There's some funny accounting in some Mississippi anti-drug task forces, a pot-peddling Houston cop is in hot water, there's a bunch of dope missing from the Boston police evidence room, and crooked cops are headed for prison in Chicago, Nashville, and New Haven. Let's get to it:
In Chicago, three former Chicago police officers were sentenced to prison last week for stealing drugs from dealers and then reselling them. Former officer Eural Black got 40 years, Broderick Jones got 25 years, and Darek Haynes got 19 years. The three went down in a joint 2005 investigation by the FBI and Chicago police into cops working with drug dealers. Five dealers were also arrested. The dealers would tip off Jones to where he and his comrades could steal drugs, mainly cocaine and marijuana, and the cops would then raid the place, but instead of arresting the dealers, they resold their wares.
In New Haven, Connecticut, a former New Haven police detective was sentenced to prison Monday for falsifying evidence and stealing money during drug investigations. Former detective Jose Silva had pleaded guilty three months ago to one count of deprivation of individual rights for what prosecutors called his minor role in wrongdoing uncovered during a joint state-federal probe of the department. That probe resulted in the arrest of the department's head narcotics officer and the months-long disbanding of the drug squad. Silva confessed to standing by while another detective moved seized drugs during a raid to bolster the case against a suspect and to splitting with his partner $1,000 confiscated during a drug raid. He got 90 days.
In Nashville, a former Nashville police officer was sentenced to 12 years in prison last Friday for his role in a plot to rip off drug dealers. Former officer Ernest Cecil got 12 years in federal prison for his role in the scheme where the nephew of one of the cops helped them pinpoint and rob a cocaine dealer, but disguised it as a legitimate law enforcement operation. The nephew then peddled the cocaine, and the crooked cops pocketed $70,000.
In Houston, a a Houston police officer was arrested Wednesday for delivery of between 5 and 50 pounds of marijuana, a second degree felony. Officer Traci Tennarse, 29, is a Class B officer who works in an administrative capacity in the department Identification Division where she checks fingerprints of all suspects brought to the county jail. She has been relieved of duty with pay, but at last report was being held in the very jail where she checked prints.
In Boston, some 700 bags of drug evidence have gone missing at the Boston Police Department central drug depository, a 14-month investigation into missing evidence has found. Another 265 evidence bags had been tampered with, in some cases with drug evidence replaced by aspirin tablets. Boston Police Commissioner Edward Davis announced last Friday that the most likely culprit is a police officer because only police are allowed into the depository. Boston police, Suffolk County prosecutors, and the FBI have launched a joint investigation.
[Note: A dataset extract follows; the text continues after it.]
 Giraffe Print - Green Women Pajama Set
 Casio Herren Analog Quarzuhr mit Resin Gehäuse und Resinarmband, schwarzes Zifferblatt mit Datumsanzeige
The 12 officers who worked at the depository were removed last October. Among the missing drugs are cocaine, heroin, Oxycontin, and marijuana.
In Jackson, Mississippi, at least three of the state's multi-jurisdictional anti-drug task forces are being investigated over suspicious payment vouchers for drug buys and time sheets that appeared to show officers in two places at the same time. The irregularities appeared during routine audits in 2006 and have resulted in at least one task force, North Central, losing its state-disbursed federal funding for the last two years. Officials from the South Central Narcotics Task Force and the Tri-County Narcotics Task force are appealing decisions to deny them funding as well. The state Department of Public Safety has requested that the US Justice Department investigate.